Dear Kathleen and family, friends and colleagues,
I am still trying to adjust to the fact that I will no longer be able to call Sam to say hello, share news, report a success or just ask his advice and to discuss ideas and plans for the future. The news of his death was a terrible shock to me and all his many friends and colleagues here in England. It must have been so much worse for you, your family and those who worked day-to-day with Sam.
In my experience, Sam was a very special person; a real friend and colleague who I had come to admire and value. I cannot remember one instance when he dismissed or devalued a point of view or opinion. He gave each careful consideration. As I write to you I can see his comfortable smile and hear his encouraging voice.
I suppose I knew him mostly through our work together in the Campaign to Free Vanunu and I regret that we did not meet much for any length of time before 1996 at the Conference in Tel Aviv when he was such a corner stone to the success of that occasion.
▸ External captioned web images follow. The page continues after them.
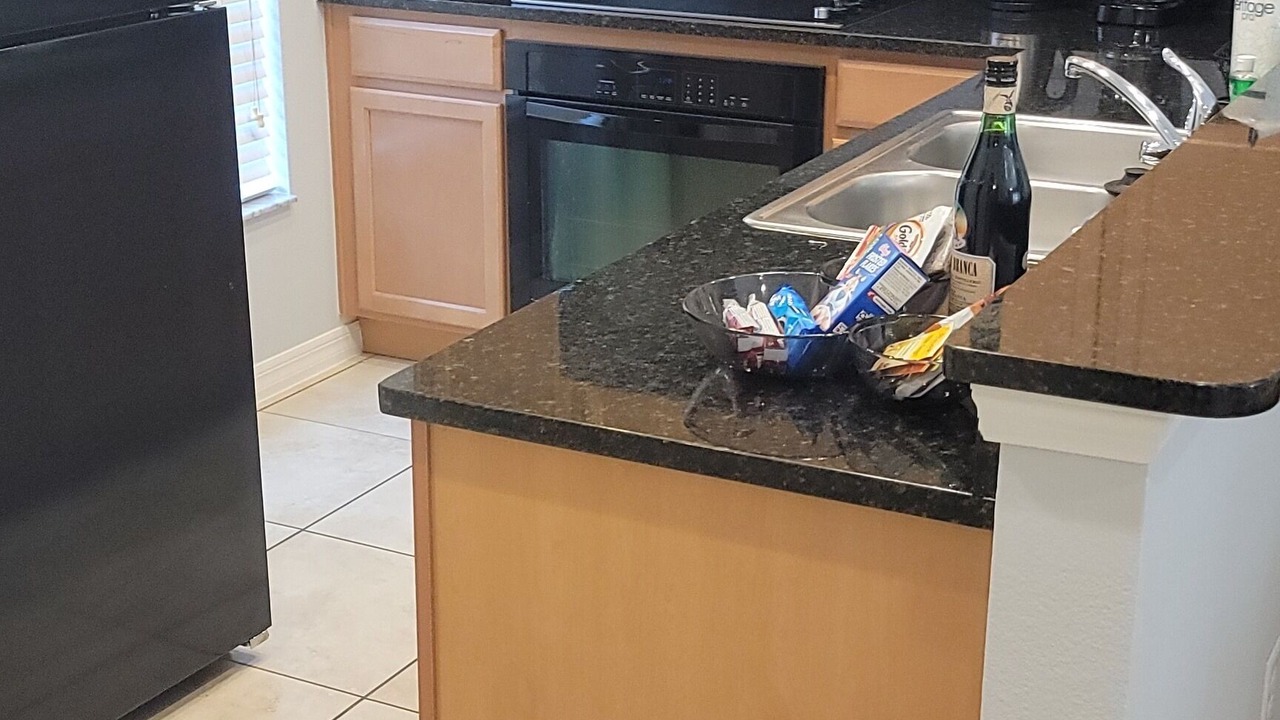 Photo of Kitchen in Sunset Lakes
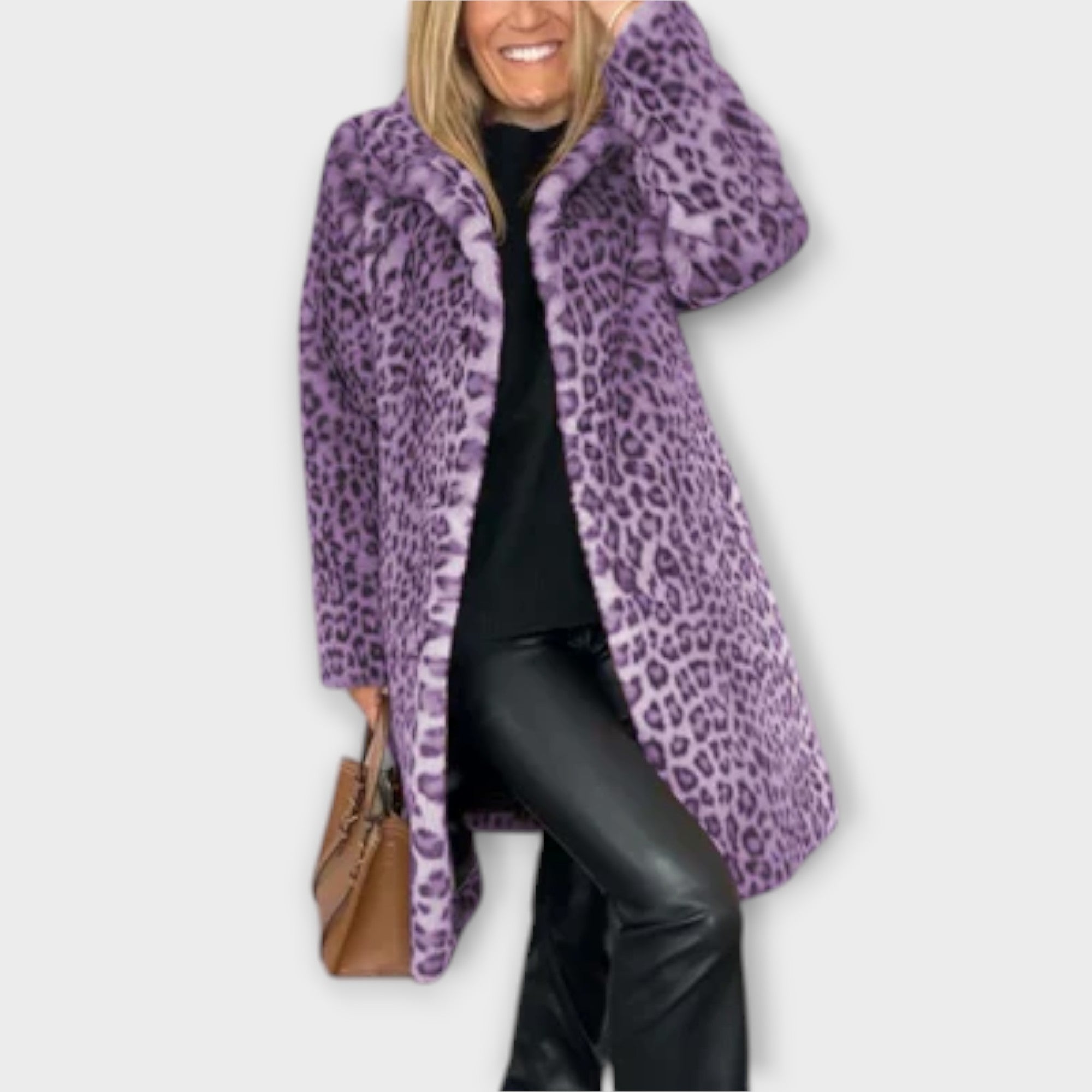 Amara – El abrigo de leopardo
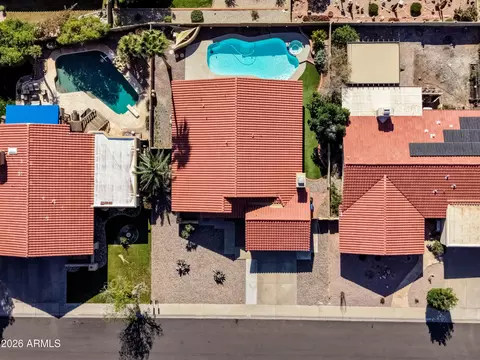 3931 E Nambe St, Phoenix, AZ 85044
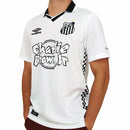 Camisa Santos Charlie Brown Jr. Dias de Glória - Branca - MAJESTO BR
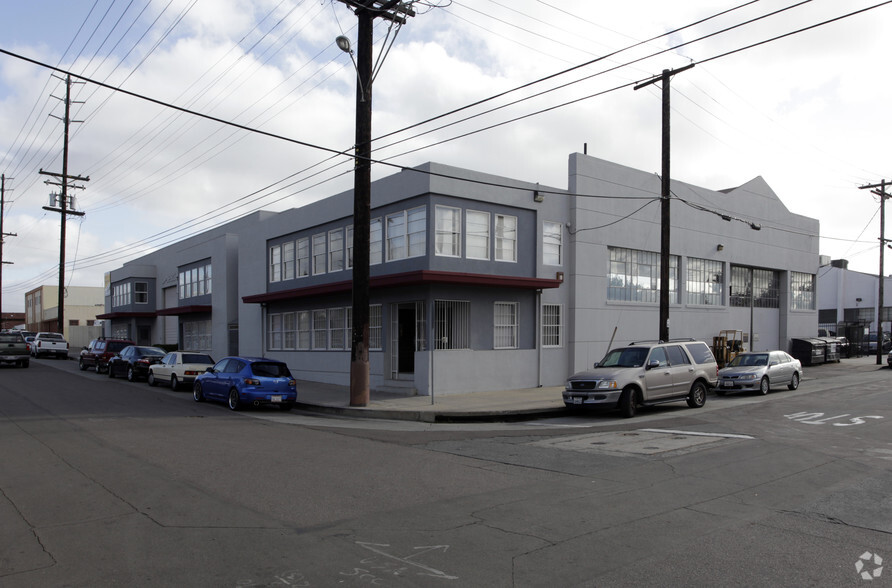 2061-2077 Kurtz St, San Diego, CA for lease - Building Photo - Image 2 of 3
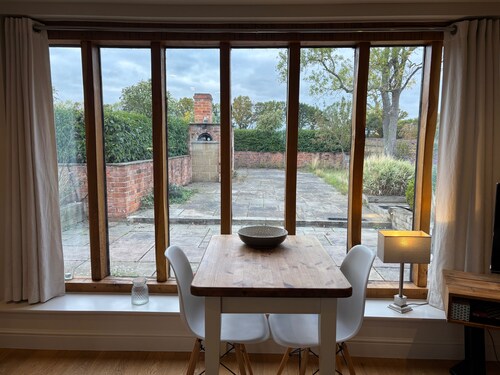 Gosfield Cartlodge Retreat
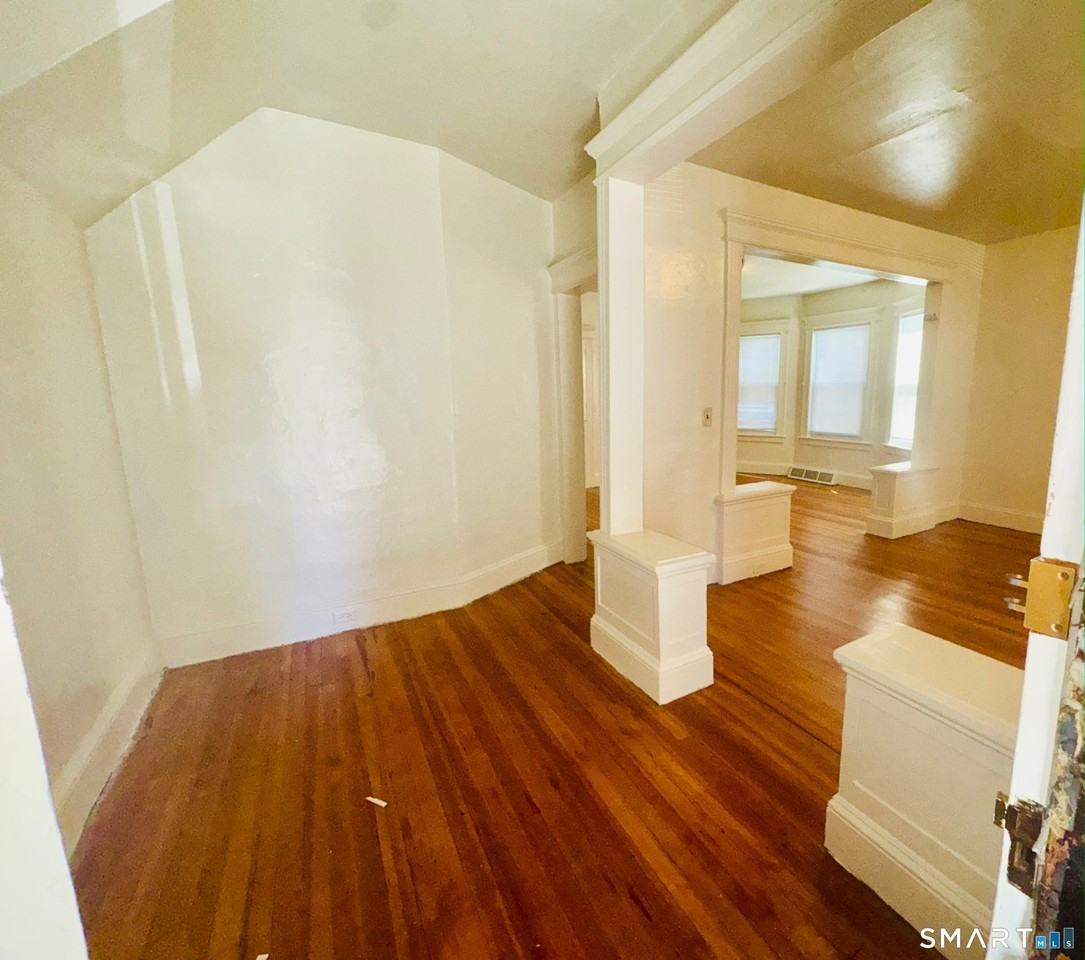 962 Howard Ave - Photo 4 of 8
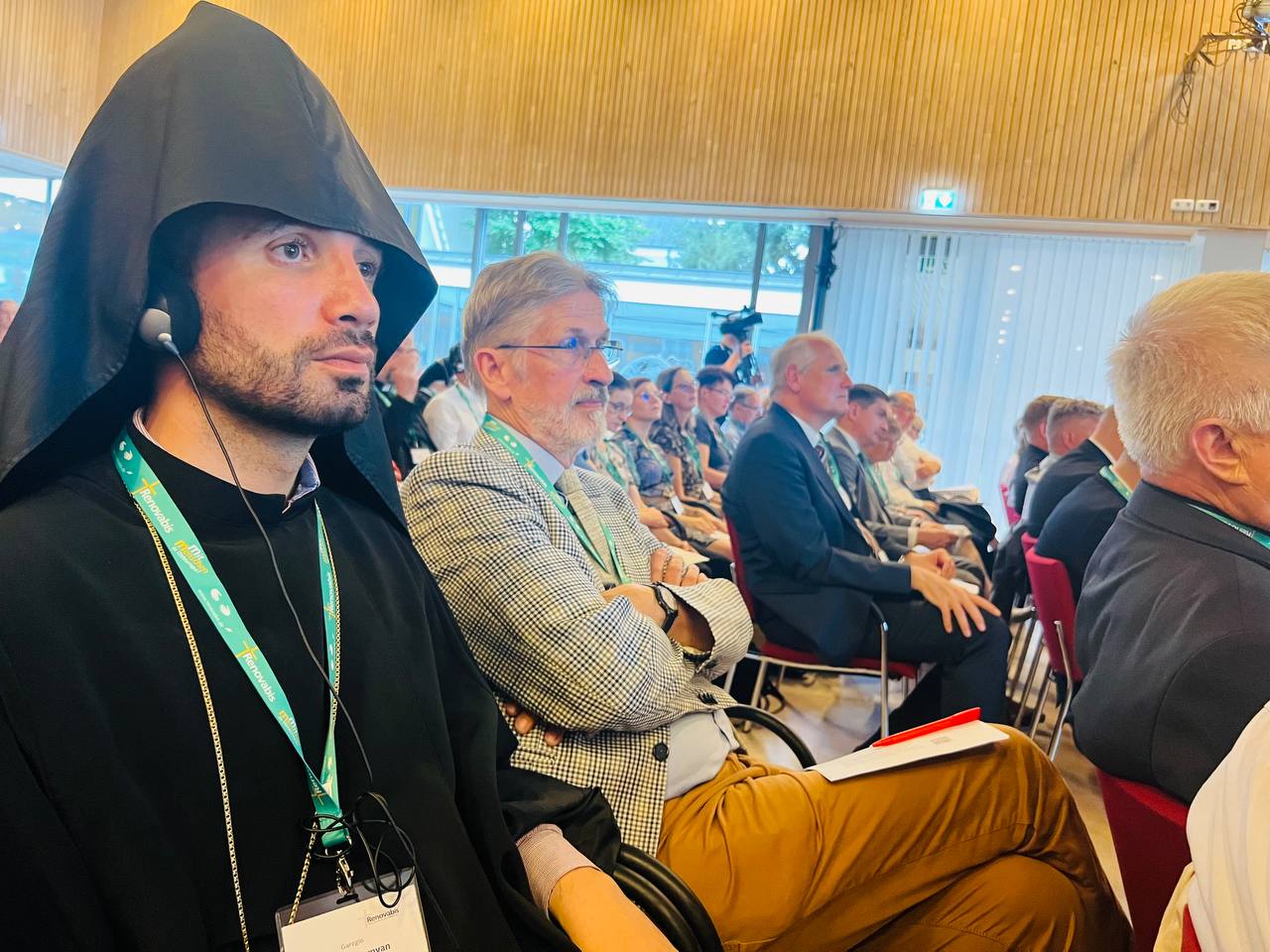 Մայր Աթոռ Սուրբ Էջմիածնի ներկայացուցիչը մասնակցեց «Ռենովաբիս»-ի 27-րդ միջազգային համաժողովին 13 Revnobis 27 2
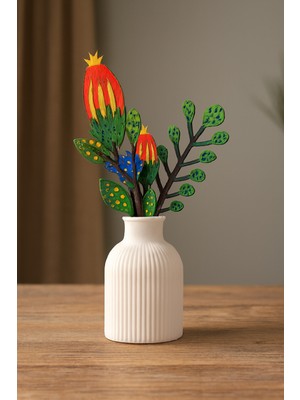 Özgürce Çizgili Bohem Küçük Vazo, Taş Tozu ve Alçı Karışımlı Dekorasyon Parçası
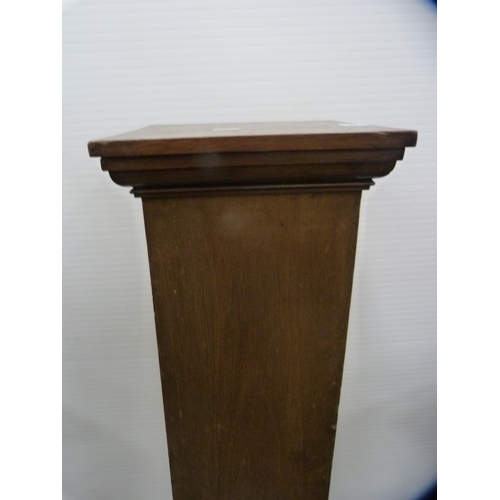 445 - Mahogany column stand.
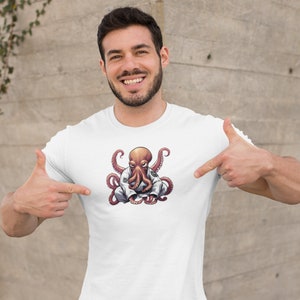 Puede incluir: Camiseta blanca con una ilustración de dibujos animados de un pulpo con un kimono de karate blanco.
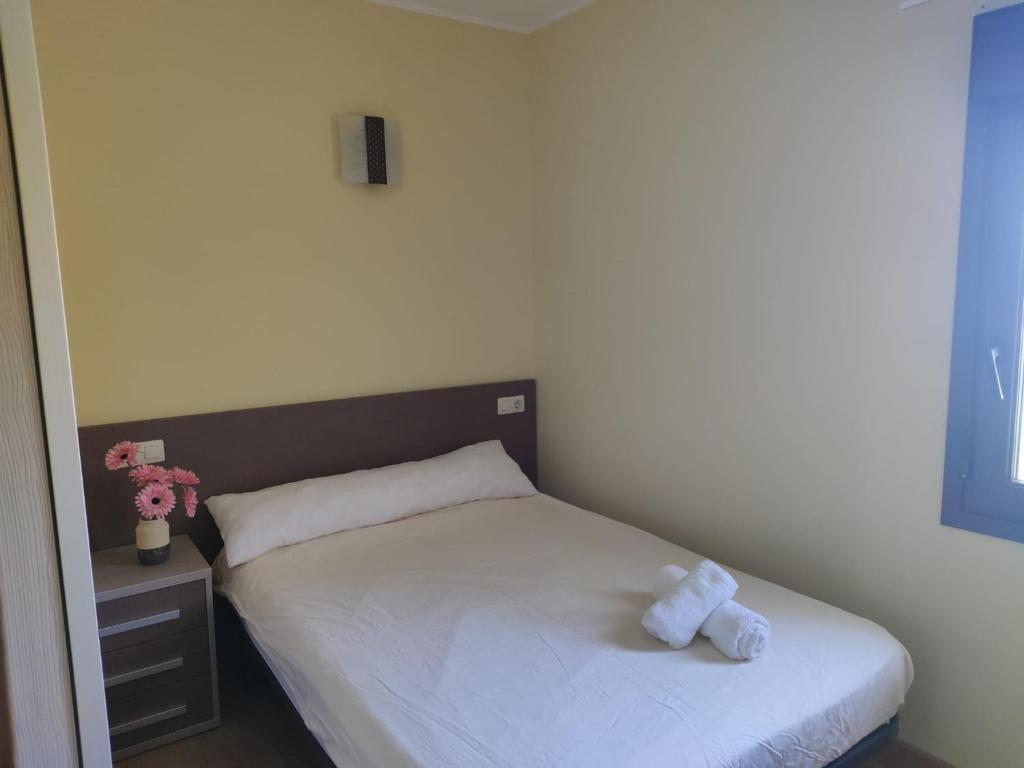 Postel nebo postele na pokoji v ubytování Albergue rural l'Almada de Yebra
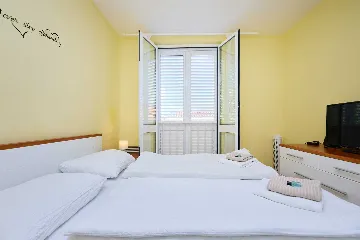 2-Bedroom Apartment in Dubrovnik for Up to 6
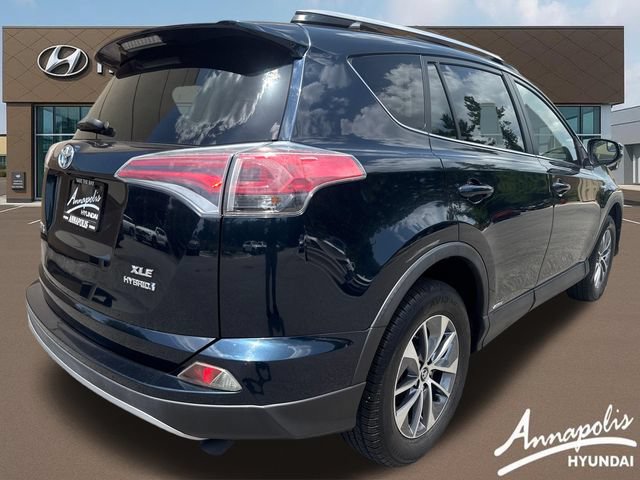 Used 2017 Toyota RAV4 XLE w/ All Weather Liner Package AWD/4WD image 7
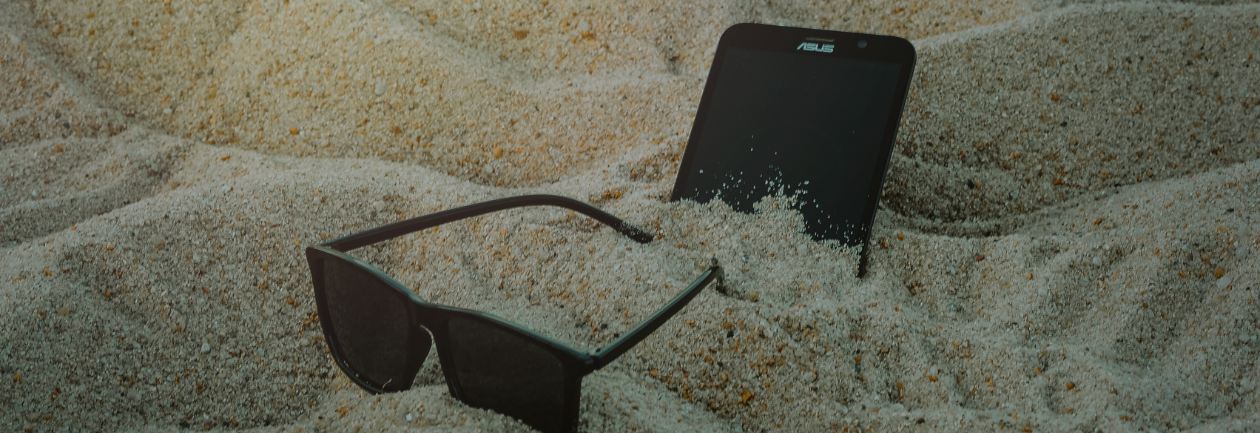 smartfon w piasku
I wish there would have been more time to develop our friendship.
He was a true fighter for Vanunu's cause and for world peace. Always full of energy with new ideas and strategies to develop ways of reaching ordinary people as well as discomforting those in authority. He was an example to us all. He will be sorely missed in the campaign against nuclear weapons and for Mordechai Vanunu's freedom along with all the other groups he worked with: I will miss him.
To Kathleen, whose friendly voice was always so welcoming and for his children and grandchildren, this occasion must be so terribly upsetting. I hope in knowing of the admiration and value that so many had for Sam that your pain and loss will be eased.
On behalf of the Campaign to Free Vanunu here in England I send love and condolences from everyone who knew him.